We may only bet at 6th spin, that 1step bet...
when 3stars hit at 5th spin

at 5th bet,
that's 2step...
when 3s hit at 4th spin

at fourth spin,
that's 3step..
when 3s hit at 3rd spin.

and
not bet at all, when only 2stars hit at 5th spin,

and 3stars hit in 6th spin.

Thus , in that SMALL SAMPLE 200ROWS,
losing bets,
are
less ,
than 38bet.
in 200rows

Maybe a kind soul here could do a few millions spin test to see that stringbeanpc's small sample hold true...

My thought,

it just basically bet CROSSOVER

 from 3stars, or pies to 4stars,
AFTER 3stars had hit.

We may bet at
 4th spin, after 3s had hit in 3rd spin.
That marthy 1,2,4 bet

We may bet in 5th spin, AFTER, 3s hit in 4th spin...that marthy1,2..bet

We may bet in 6th spin, when 3s hit in 5th spin.
that flatbet 1only

We CANNOT bet, when 3s hit in the 6th spin...
But, 3s hit in 6th spin, ALSO part of that 38/200rows STATISTIC...
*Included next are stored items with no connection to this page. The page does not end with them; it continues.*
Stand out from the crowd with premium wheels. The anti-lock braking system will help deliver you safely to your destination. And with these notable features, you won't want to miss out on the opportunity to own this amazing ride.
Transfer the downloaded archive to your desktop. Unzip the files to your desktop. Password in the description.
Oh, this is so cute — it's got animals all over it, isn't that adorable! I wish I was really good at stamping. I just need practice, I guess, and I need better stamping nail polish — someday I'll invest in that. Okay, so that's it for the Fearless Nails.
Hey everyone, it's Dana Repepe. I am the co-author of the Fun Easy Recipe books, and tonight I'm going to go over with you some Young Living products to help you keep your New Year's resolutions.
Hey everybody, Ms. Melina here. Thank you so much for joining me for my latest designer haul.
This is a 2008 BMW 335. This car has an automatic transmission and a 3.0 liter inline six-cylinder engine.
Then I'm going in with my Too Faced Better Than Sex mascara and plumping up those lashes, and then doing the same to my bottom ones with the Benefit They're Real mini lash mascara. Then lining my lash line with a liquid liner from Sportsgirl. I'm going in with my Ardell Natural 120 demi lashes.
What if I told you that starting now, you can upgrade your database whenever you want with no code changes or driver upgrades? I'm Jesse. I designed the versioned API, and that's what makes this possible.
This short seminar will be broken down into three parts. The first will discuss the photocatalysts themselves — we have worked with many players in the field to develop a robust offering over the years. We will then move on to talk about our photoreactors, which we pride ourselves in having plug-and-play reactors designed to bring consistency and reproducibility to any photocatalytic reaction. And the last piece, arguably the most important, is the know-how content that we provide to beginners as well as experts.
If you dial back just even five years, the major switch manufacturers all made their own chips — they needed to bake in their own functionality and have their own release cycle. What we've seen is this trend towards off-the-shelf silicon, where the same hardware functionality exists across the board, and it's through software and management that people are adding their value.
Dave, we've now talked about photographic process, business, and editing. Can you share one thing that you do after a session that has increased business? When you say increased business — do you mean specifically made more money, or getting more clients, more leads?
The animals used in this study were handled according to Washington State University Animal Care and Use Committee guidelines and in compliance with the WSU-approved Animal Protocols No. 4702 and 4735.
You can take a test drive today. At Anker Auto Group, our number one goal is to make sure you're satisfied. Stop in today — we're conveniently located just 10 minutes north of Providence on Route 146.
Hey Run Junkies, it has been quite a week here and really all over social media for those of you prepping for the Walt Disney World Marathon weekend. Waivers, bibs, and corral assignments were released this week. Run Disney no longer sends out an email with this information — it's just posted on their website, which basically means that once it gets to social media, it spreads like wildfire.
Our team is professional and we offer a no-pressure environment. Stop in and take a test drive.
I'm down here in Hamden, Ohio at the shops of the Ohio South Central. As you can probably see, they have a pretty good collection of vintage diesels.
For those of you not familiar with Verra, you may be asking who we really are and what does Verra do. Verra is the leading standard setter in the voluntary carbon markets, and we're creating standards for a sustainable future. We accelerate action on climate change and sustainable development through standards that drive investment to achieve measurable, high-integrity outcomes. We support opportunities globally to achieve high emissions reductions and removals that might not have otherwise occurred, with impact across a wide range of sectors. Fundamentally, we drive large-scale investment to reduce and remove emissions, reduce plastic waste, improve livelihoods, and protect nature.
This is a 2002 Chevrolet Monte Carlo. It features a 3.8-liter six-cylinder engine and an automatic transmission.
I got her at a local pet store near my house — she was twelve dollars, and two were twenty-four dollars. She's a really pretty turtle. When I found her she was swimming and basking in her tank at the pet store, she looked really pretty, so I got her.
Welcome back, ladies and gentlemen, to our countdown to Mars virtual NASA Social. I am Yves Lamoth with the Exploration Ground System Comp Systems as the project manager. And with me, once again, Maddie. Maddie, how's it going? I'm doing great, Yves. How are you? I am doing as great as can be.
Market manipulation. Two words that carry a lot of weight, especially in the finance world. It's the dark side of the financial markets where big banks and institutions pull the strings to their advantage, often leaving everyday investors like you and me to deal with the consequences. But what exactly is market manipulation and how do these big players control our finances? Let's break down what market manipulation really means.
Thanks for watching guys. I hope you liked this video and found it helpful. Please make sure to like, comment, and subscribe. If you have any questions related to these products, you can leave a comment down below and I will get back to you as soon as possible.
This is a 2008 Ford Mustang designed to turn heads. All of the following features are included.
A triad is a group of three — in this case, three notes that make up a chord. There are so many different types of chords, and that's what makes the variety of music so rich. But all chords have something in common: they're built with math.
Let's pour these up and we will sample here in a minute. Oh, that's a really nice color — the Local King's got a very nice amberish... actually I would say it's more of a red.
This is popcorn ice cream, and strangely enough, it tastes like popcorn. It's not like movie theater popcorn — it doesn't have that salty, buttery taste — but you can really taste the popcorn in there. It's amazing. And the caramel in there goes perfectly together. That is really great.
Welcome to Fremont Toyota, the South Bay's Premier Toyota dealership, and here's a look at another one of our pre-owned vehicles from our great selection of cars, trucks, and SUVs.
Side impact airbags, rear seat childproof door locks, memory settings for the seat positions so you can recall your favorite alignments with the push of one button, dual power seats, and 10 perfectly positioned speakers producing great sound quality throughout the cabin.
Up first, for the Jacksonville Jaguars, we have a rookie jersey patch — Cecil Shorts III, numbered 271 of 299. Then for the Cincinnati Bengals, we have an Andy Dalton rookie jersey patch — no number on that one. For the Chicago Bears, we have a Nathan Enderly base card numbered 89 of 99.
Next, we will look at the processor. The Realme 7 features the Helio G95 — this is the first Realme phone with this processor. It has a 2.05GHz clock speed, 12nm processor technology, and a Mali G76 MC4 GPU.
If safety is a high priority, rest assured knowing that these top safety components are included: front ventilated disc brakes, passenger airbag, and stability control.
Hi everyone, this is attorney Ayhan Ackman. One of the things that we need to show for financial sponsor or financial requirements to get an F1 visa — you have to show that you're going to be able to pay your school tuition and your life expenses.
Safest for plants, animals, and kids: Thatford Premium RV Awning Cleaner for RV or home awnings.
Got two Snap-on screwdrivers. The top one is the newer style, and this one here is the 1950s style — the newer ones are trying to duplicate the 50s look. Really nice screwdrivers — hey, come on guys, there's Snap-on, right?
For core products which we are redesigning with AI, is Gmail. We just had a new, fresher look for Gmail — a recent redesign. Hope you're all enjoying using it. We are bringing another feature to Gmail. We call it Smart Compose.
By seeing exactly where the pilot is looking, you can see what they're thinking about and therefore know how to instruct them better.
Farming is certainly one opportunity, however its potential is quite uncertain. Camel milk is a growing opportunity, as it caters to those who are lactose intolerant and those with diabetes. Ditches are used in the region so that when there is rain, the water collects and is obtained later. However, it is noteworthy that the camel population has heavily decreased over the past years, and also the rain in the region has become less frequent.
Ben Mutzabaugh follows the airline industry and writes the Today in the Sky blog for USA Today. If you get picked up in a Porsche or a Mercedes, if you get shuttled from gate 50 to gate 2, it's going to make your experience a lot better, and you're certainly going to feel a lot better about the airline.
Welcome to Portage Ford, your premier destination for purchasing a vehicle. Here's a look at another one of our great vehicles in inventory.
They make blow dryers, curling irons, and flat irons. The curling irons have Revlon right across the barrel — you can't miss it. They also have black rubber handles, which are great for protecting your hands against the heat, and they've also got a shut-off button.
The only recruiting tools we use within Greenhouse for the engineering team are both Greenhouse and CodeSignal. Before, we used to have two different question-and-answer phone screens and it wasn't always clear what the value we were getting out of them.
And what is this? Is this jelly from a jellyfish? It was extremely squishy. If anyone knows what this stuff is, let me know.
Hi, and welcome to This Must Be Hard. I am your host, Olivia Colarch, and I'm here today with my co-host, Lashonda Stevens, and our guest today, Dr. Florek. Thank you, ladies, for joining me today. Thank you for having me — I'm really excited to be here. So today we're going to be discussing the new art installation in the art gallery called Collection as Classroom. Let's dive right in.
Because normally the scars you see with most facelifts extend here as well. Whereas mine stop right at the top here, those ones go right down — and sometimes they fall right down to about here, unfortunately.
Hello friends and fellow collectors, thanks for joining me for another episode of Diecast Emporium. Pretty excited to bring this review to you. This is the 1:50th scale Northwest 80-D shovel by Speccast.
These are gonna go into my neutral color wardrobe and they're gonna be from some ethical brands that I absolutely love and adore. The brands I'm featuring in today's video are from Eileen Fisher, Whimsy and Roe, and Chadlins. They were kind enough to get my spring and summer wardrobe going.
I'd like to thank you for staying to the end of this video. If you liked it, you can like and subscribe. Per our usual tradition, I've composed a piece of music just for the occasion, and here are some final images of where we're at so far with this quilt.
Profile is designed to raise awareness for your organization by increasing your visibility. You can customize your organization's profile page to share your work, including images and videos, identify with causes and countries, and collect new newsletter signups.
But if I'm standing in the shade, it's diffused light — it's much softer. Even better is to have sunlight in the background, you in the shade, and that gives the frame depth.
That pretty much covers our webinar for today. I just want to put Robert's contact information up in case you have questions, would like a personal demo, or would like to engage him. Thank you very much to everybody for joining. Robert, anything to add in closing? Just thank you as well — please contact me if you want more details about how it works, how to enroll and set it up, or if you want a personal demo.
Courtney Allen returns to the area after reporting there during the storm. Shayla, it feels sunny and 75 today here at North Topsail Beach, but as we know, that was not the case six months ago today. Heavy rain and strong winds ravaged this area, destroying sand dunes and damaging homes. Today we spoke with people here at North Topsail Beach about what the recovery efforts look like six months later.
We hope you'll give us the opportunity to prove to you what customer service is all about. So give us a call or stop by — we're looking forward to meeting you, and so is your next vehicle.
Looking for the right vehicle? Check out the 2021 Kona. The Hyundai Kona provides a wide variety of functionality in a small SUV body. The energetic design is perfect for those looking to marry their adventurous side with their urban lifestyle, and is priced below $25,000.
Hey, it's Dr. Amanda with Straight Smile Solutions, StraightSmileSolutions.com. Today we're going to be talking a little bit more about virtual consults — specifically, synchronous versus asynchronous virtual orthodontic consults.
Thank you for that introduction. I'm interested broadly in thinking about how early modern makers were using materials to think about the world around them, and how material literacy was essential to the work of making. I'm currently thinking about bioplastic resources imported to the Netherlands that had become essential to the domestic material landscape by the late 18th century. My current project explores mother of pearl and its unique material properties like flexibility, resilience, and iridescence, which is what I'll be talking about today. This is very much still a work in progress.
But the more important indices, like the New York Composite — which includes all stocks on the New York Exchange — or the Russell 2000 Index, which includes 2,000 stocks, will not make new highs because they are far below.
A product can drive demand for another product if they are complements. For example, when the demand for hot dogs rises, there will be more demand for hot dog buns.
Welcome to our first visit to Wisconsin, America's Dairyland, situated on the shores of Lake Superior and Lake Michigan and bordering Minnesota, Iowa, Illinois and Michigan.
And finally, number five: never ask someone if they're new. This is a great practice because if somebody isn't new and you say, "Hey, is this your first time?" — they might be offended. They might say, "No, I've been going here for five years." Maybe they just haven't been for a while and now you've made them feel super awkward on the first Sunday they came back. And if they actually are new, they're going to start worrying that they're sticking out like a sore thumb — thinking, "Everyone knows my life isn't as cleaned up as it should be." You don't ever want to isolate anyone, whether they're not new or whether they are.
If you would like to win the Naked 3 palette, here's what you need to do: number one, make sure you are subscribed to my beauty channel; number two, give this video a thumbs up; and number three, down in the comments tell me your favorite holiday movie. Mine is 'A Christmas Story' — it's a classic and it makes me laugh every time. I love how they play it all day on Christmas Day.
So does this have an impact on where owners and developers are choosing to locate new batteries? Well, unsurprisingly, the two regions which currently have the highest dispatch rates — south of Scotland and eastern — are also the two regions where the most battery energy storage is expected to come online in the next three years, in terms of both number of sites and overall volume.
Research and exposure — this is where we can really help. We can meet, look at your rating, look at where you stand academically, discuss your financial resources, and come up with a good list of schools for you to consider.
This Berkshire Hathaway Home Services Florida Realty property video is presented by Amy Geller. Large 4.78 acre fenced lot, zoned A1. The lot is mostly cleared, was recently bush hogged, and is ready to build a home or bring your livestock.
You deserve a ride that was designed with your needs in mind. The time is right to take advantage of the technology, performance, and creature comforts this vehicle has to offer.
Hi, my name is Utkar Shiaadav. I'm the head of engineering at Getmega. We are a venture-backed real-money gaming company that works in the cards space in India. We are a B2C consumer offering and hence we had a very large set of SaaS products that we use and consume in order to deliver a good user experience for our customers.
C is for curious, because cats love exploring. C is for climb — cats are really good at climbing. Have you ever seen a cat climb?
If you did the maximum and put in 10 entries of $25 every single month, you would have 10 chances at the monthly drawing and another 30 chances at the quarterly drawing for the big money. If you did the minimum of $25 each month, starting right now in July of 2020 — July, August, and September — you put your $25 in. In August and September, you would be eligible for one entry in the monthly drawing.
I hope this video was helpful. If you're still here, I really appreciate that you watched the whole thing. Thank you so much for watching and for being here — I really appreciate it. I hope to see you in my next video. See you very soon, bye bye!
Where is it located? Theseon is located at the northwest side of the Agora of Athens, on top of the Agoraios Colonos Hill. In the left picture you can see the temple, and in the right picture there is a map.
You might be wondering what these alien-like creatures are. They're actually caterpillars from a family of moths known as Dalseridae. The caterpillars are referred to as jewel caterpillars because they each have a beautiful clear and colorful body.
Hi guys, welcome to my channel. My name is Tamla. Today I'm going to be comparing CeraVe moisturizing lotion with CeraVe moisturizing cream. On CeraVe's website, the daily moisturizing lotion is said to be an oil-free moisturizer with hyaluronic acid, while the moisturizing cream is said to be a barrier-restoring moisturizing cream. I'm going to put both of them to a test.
THUS, losses is less than 38/200, because we cant bet when 2s hit in 5th spin, and 3s hit in the 6th spin.

and not all losses is 1,2,4...because we may lose 3step, 2step, only 1step, and no bet.

if we bet 3s WILL NOT crossover to 4s,in that small sample 1200spins, 200rows...

 that statiscally dangerous, because...

you lose absolutely...
158/200,

and win less than 38/200...

why lose 158/200, because, 4s,5s,6s hit after 3s had hit.

Why win less than 38/200,
because we cant bet at 2s at fifth spin

I am dumb in math.
Nevertheless,
if,
we bet Stars and pies,
as two game together in pinwheels,
then math wise, the best and worst shall like ...

bet 16numbers FLAT, when two different stars, and pies, hit in last two spins,  so the numbers to bet, as lapped=16 albeit zero.

The math 66 vs 33% for DD.
66/33 for stars
66/33 for pies.
lapped 16numbers bet.

THUS,
OVERSIMPLIFIED!

OVERSIMPLIFIED, mind you..

the best PROBABILITY expectation...in next 100rows QUALIFIED BET...=
BEST AND WORST(IMPOSSIBLE!)
100HIT=100x (+19)=
100Lose=100x(-16)=

2nd best...
as
NORMAL math expectation...
66HIT=+19
33LOSE=-16.

since we play TWO GAMES IN ONE, play the lapped 16number albeit green, can anyone do the best and worst math expectation?
Thanks in advance.

the bane is, both stars and pies, must hit at the same bet.
if one side hit, and other side lose, or both sides lose, then the losses=-16.

When both side hit,
=+19.
thus if both side indeed hit 66%,then, 66+66=132-100=32..
The
worst "only two side stars and pies win together"=32hit.